Read Into The Question More, Not The Book

, , , , , | Romantic | April 11, 2019

(My boyfriend brings books to work to read when it’s slow.)

Boyfriend: “Hey, should I read [Book #1] or [Book #2]?”

Me: “Uh… [Book #1].”

Boyfriend: “But what about [Book #2]?”

Me: “I dunno, what about [Book #2]?”

Boyfriend: “I really want to read [Book #2].”

Me: “Then why did you ask?!”

Jack And Jill Ran Up The Hill To Play With Dick And Jane

, , , , | Right | March 28, 2019

(A young woman comes into our store and heads for the kids’ section.)

Customer: “Do you have any of those Sam I Am books?”

Me: “I’m afraid I’m not familiar with those.”

Customer: “You know, ‘I am Sam; Sam I am.’”

Me: “You mean Dr. Seuss? Let me see what we have…”

Customer: “No, not that. ‘See Sam run.’ That kind of thing.”

Me: “Oh, you mean like Dick and Jane.

Customer: “Yeah! That’s it!”

(I guess Dick and Jane got a new dog.)

Becoming A Regular Problem

, , , | Right | March 25, 2019

(The library where I work is changing locations since our original building is going to get demolished. During the week we are moving, we are obviously closed to the public as we are boxing up everything, dismantling furniture, and hauling out our entire inventory. All of our regular patrons understand this but one. On Monday, he nudges his way past the maintenance people, who are disassembling the desks, and into the library. It’s clear we’re in a state of upheaval.)

Regular: “Hello [My Name] and [Coworker]. I’d like to return these DVDs and renew these ones. Can you tell me when everything else is due? And then can you place a hold on—“

Me: “[Regular], you can’t be here. You have to get out. We won’t be open until Friday.”

Regular: “But I want to renew—“

Coworker: “Get out; we’re closed. You can’t be here until our reopening at 10 am on Friday.”

(The regular leaves. On Tuesday, he’s literally standing in front of the moving truck as they are handling large, heavy items and is in danger of causing the movers to trip and hurt themselves or him.)

Mover: “Do you guys know anything about that teenager outside?”

Coworker: “God, he’s back?”

Me: “Tell him he can come back when we open on Friday.”

Mover: “I told him, but he won’t go away.”

Coworker: “I’ll go out and talk to him.”

(It takes almost ten minutes, but she convinces him to leave.
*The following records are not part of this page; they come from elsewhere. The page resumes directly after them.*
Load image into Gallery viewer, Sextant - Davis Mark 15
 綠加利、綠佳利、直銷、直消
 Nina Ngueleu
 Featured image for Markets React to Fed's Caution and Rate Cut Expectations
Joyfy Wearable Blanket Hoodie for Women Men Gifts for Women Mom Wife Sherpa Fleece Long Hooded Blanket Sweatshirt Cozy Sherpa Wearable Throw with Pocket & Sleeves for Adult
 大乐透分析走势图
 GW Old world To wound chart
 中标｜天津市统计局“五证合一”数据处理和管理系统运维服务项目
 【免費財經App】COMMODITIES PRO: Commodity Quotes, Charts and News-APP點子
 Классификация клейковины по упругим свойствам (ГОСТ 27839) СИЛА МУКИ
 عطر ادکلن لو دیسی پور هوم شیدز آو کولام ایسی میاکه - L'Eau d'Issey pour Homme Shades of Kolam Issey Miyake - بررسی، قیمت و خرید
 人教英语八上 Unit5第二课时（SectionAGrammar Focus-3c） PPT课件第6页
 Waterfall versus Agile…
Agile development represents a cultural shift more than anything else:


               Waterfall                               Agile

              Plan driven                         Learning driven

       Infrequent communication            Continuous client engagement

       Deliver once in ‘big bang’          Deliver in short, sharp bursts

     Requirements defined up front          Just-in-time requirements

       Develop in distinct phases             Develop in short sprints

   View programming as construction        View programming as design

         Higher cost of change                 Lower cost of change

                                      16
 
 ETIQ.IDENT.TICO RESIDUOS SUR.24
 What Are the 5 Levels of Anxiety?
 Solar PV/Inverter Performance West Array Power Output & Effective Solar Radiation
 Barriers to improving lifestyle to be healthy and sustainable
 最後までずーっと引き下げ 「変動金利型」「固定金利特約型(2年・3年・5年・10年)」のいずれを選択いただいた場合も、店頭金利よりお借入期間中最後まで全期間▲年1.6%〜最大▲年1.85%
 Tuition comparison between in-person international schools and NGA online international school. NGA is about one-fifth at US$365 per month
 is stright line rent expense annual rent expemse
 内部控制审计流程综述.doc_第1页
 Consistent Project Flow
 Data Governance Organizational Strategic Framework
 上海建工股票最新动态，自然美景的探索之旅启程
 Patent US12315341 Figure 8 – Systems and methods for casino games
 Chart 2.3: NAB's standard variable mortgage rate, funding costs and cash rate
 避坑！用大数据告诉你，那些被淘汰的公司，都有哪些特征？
On Wednesday, we’re inside setting things up and working on displays. He pushes his face against the window in the door and stares at us until we’re forced to acknowledge him.)

Coworker: “[Regular], we’ve told you every single day this week. You CAN’T be here.”

Regular: “But I just want to look around.”

Coworker: “Go home.”

Regular: “Hey, can [My Name] come out? I saw her through the window. I want to talk to her.”

Coworker: “She can’t come out. We have to work, and you have to leave.”

Regular: “But I want to talk to [My Name].”

(My coworker looks at me, and I shake my head vigorously.)

Coworker: “She says ‘Hi.’ Now you have to leave.”

(He finally leaves. On Thursday, I draw all the curtains shut before working on the final tasks that need do before our grand opening.)

Director: “Let’s open these curtains and let in some light!” *she proceeds to do so*

Me: “I’m not comfortable with opening the curtains. One of our regulars has been basically stalking us all week. He’s been peeking through the windows and asking that we come outside and talk with him. I want to do everything we can to discourage that kind of behavior.”

Director: “Nonsense! That’s what windows are for!” *she opens all the curtains* “And don’t you dare close them!”

(I was too shocked that she believes windows are made for peeping to protest. That afternoon, sure enough, our regular returns. He crouches by the very windows I had shaded, since this is a split level facility, and presses his face against the glass. He waves at us whenever we happen to even remotely move in his direction, and he makes obvious gestures that he wants us to either open the door or just let him into the building. After thirty minutes of him doing this, [Coworker #2], who is unaware of the situation since this is her first day working since the move, opens the door to take some trash outside. The regular immediately pushes past her and into the building.)

Coworker #2: “Woah, hey, [Regular], you can’t be in here!”

Regular: “Cool place you guys have!” *he goes right to the movies* “Got any new movies in?”

Me: “[Regular], get out. You can’t be here! You know this! We told you we don’t open until ten o’clock on Friday.”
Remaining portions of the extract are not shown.